L’année suivante, en 1998, l’AGEVP organisa la commémoration du cinquantenaire du drapeau républicain vietnamien. Encore une grande réussite dont la portée allait bien au-delà de la France.

En 1999, l’AGEVP a profité des immenses trottoirs devant son siège pour organiser “sa” Fête de la musique sur l’avenue d’Italie en installant une scène et une buvette. Cet événement a marqué son ancrage dans le quartier et auprès de ses habitants.

Parmi d’autres hauts faits de la décennie (qu’on ne peut tous citer) : la nuit des “Mille bougies pour le Vietnam” sur l’esplanade du Trocadéro (1999), la participation au défilé du Nouvel An lunaire dans le 13ème avec les commerçants et associations du quartier asiatique (2000).
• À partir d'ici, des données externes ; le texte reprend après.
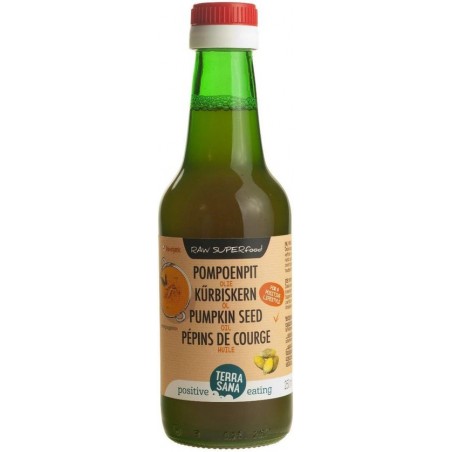 Terrasana Pompoenpitolie - 250 ml - Voedingssupplement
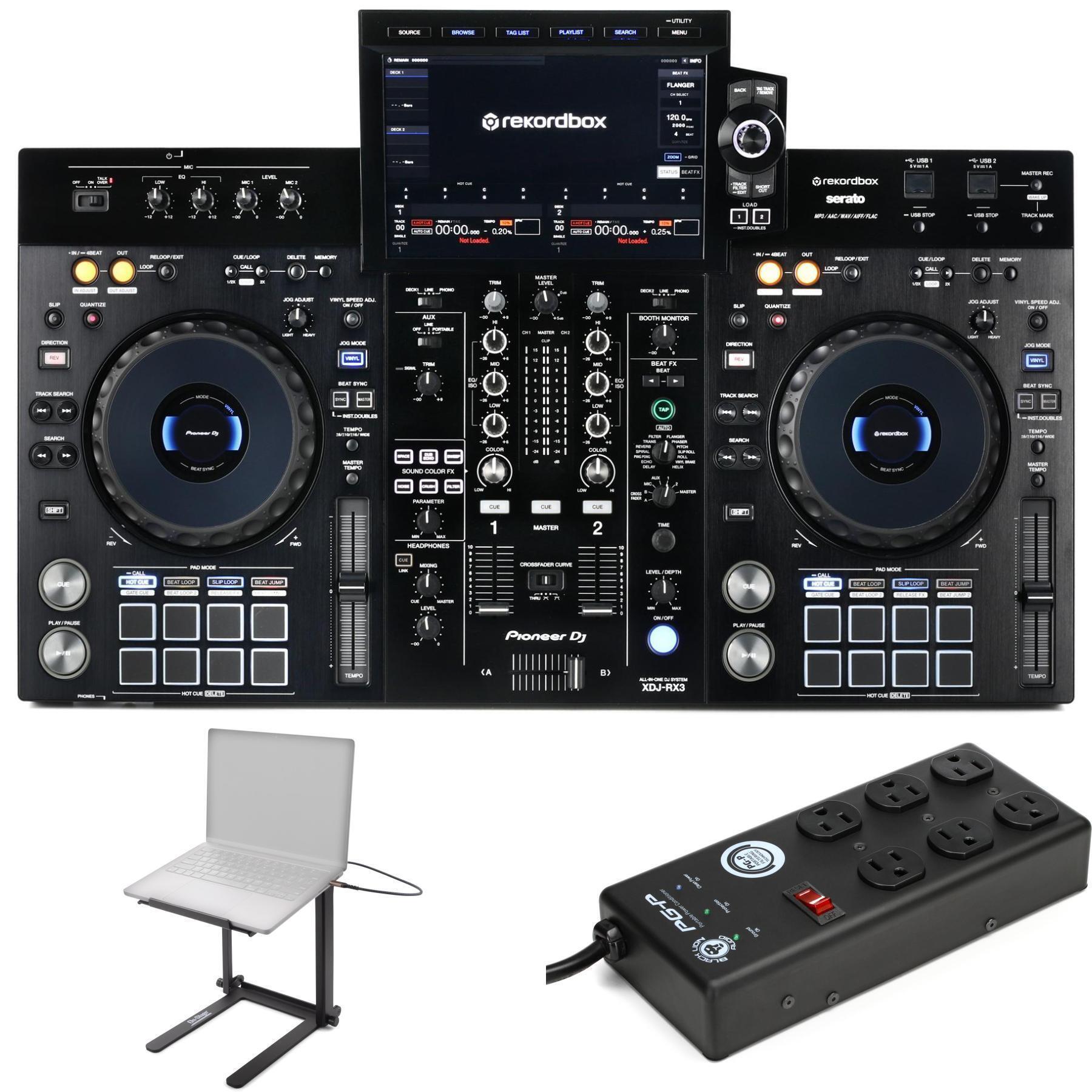 Pioneer DJ XDJ-RX3 Digital DJ System with Magma Hard Case | Sweetwater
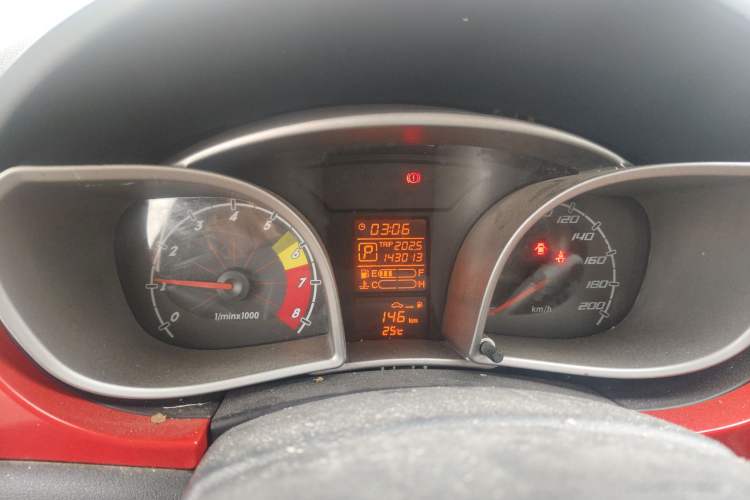 Used Oley 2012 Sedan 1.5L Automatic Luxury Model Instrument Cluster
Aujourd’hui, en 2024, en regardant en arrière, force est de constater que beaucoup d’associations ont cessé leurs activités. Seule l’AGEVP est encore debout portant haut son slogan “Ta còn sống đây !”. Elle a toujours su faire face à l’adversité, même au plus profond du creux de la vague, pour finir par flotter de nouveau sur les flots à la voilure grande déployée. Répondant ainsi fièrement à la devise de Paris, “fluctuat nec mergitur“.